WHAT TO DO: Give again, word for word, each line below starting at the one that contains "Low-Top Sneakers Blue" and ending at the one that contains "Barbour Ogston Waxed cotton jacket - Blue".

PROVIDED INFORMATION:
----------

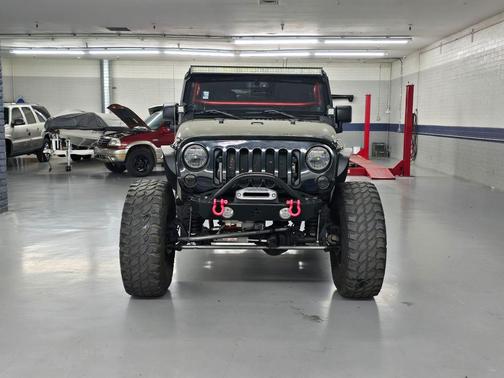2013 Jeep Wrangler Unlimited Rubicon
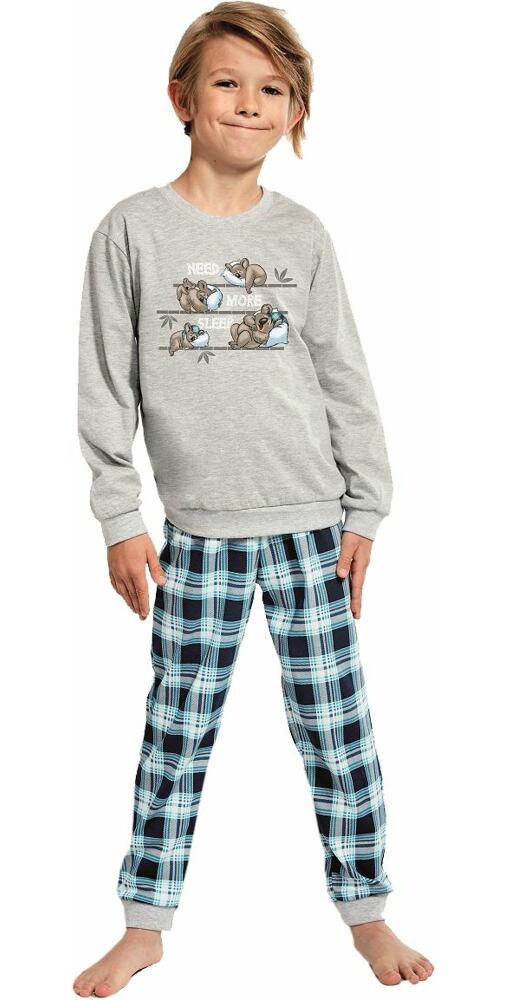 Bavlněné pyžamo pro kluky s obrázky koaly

----------

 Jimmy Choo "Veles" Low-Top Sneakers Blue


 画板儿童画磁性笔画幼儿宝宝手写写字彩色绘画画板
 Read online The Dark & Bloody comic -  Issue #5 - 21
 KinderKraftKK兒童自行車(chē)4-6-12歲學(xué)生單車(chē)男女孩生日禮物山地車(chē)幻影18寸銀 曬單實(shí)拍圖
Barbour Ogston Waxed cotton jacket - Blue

----------

SOLUTION TO THIS PROBLEM:
 Jimmy Choo "Veles" Low-Top Sneakers Blue


 画板儿童画磁性笔画幼儿宝宝手写写字彩色绘画画板
 Read online The Dark & Bloody comic -  Issue #5 - 21
 KinderKraftKK兒童自行車(chē)4-6-12歲學(xué)生單車(chē)男女孩生日禮物山地車(chē)幻影18寸銀 曬單實(shí)拍圖
Barbour Ogston Waxed cotton jacket - Blue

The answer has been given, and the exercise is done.